5. Anayasa Mahkemesi önceki kararlarında sendika kararı üzerine yapılan eylemler üzerine uygulanan disiplin cezalarında kişilerin sendika hakkına müdahalede bulunulduğunu kabul etmiş ve kişilerin mesleki çıkarlarına ilişkin sendika kararlan çerçevesinde yapılan eylemlerde sendika hakkının devreye gireceğine karar vermiştir (Tayfun Cengiz, B.No: 2013/8463, 18/9/2014; Mehmet Çağdaş Serttaş, B. No: 2013/8516, 6/1/2015; Nihat Çan, B. No: 2013/8745, 6/1/2015; Ayşe Yılmaz, B. No: 2013/8805, 6/1/2015; Selma Baş, B. No: 2014/1946, 6/1/2015; Hayati Aktop ve diğerleri, B. No: 2014/4199, 10/6/2015; Selma Demir Taze, B. No: 2014/7668, 10/6/2015; Abidin Aydın Tüfekçi, B. No: 2013/1315, 15/4/2015).


6. Somut olayda başvurucunun üniversitede araştırma görevlisi olarak görev yapmakta iken akademik ve idari personelle birlikte üyesi olduğu Sendika adına tanıtım masası kurarak el ilanları dağıttığı anlaşılmaktadır. Başvurucu, başvuru formu ekinde Sendika üyesi olduğuna dair belge sunmuş olmakla birlikte eyleminin sendikal faaliyetle bir şekilde ilgili olduğunun değerlendirilebilmesine imkân tanımak amacıyla ilgili Sendikanın bu konudaki eylem kararını ya da en azından kendisinin üyesi olduğu Sendikanın işyeri temsilcisi veya yöneticisi olduğuna dair bir belgeyi ibraz etmemiştir.


7. Açıklanan nedenlerle başvurucunun iddialarının sendika hakkı kapsamında değil bir bütün olarak ifade özgürlüğü kapsamında incelenmesi gerektiği değerlendirilmiştir.


8. Anayasa'nın 26. maddesinin ilgili kısmı şöyledir:


"Herkes, düşünce ve kanaatlerini söz, yazı, resim veya başka yollarla tek başına veya toplu olarak açıklama ve yayma hakkına sahiptir.

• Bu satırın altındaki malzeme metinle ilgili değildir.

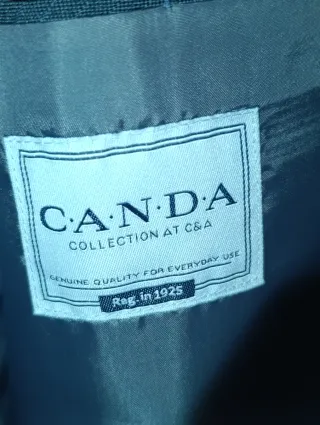 Chaqueta americana CANDA Talla 66 (3XL)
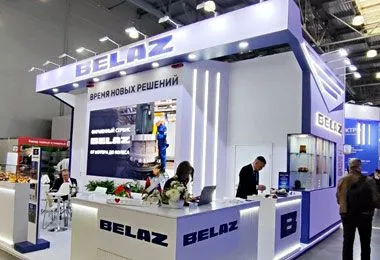 БелАЗ представил решения для горнодобывающей отрасли на международных выставках в Ташкенте и Москве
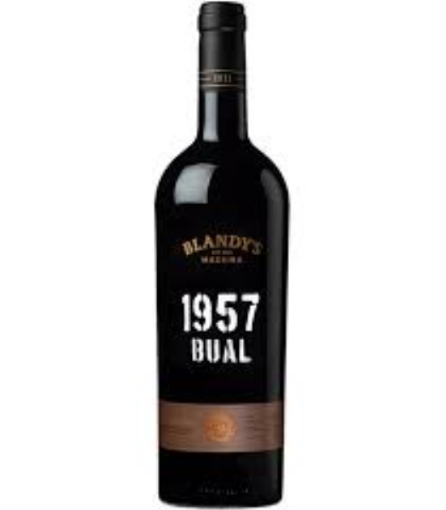Image de 1957 BLANDY'S BUAL VINTAGE 75cl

Bu hürriyet resmî makamların müdahalesi olmaksızın haber veya fikir almak ya da vermek serbestliğini de kapsar...


Bu hürriyetlerin kullanılması,... kamu düzeni,... amaçlarıyla sınırlanabilir. "

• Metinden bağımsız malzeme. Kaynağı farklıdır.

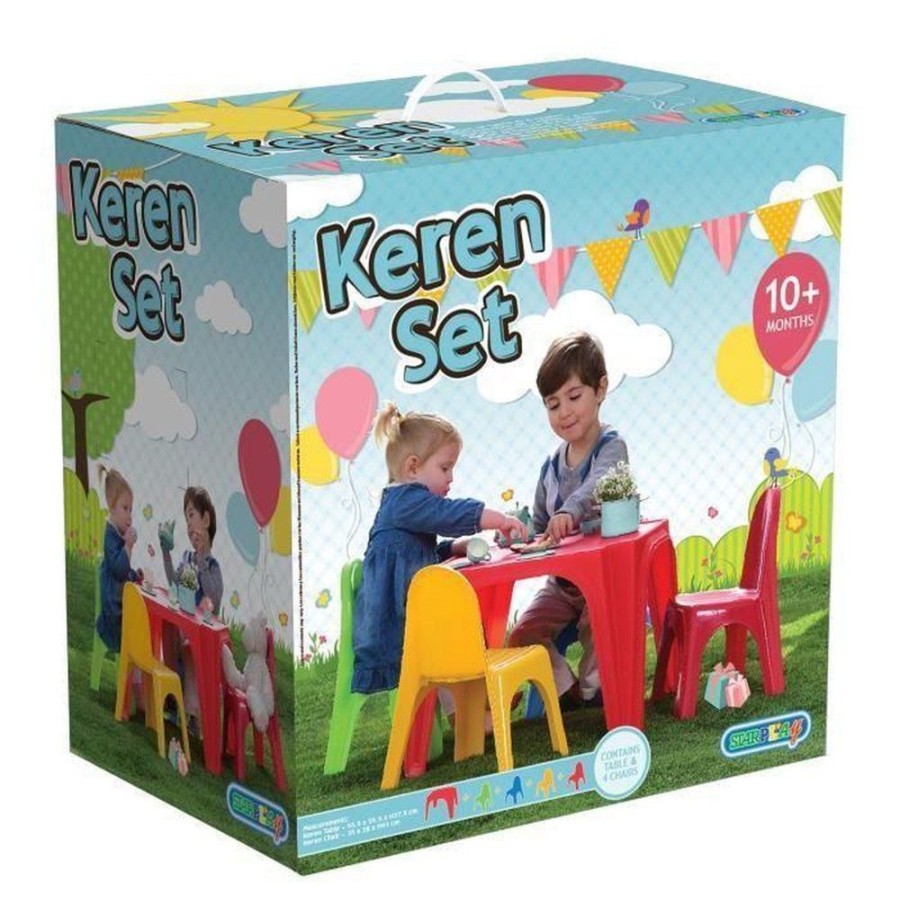 Spielzeug Starplay | Starplay Kinder Gartenmobel Keren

9. 30/3/2011 tarihli ve 6216 sayılı Anayasa Mahkemesinin Kuruluşu ve Yargılama Usulleri Hakkında Kanun’un “Bireysel başvuruların kabul edilebilirlik şartları ve incelenmesi” kenar başlıklı 48. maddesinin (2) numaralı fıkrası şöyledir:


"Mahkeme, Anayasanın uygulanması ve yorumlanması veya temel hakların kapsamının ve sınırlarının belirlenmesi açısından önem taşımayan ve başvurucunun önemli bir zarara uğramadığı başvurular ile açıkça dayanaktan yoksun başvuruların kabul edilemezliğine karar verebilir."


10. Başvurucu, tanıtım masası kurmak ve el ilanları dağıtmak eylemini idareden izin almaksızın gerçekleştirmiştir. Bunun üzerine idare ilgili Yönetmelik'in 5. maddesine göre (bkz. § 14) başvurucunun fiilinin uyarma cezası gerektirdiğini tespit etmiş ancak başvurucunun olumlu sicile sahip olması nedeniyle aynı Yönetmelik'in 16. maddesi uyarınca (bkz. § 15) işlem yapmaya karar vermiştir. Başvurucunun fiiline karşılık gelen disiplin cezası olan uyarma cezası en hafif ceza olduğundan ve 16. maddedeki düzenlemeye göre bir alt cezanın uygulanması gerektiğinden idarece cezai nitelikte olmamak üzere başvurucunun uyarılmasına ve tekrarı hâlinde işlem yapılmasına karar verilmiştir.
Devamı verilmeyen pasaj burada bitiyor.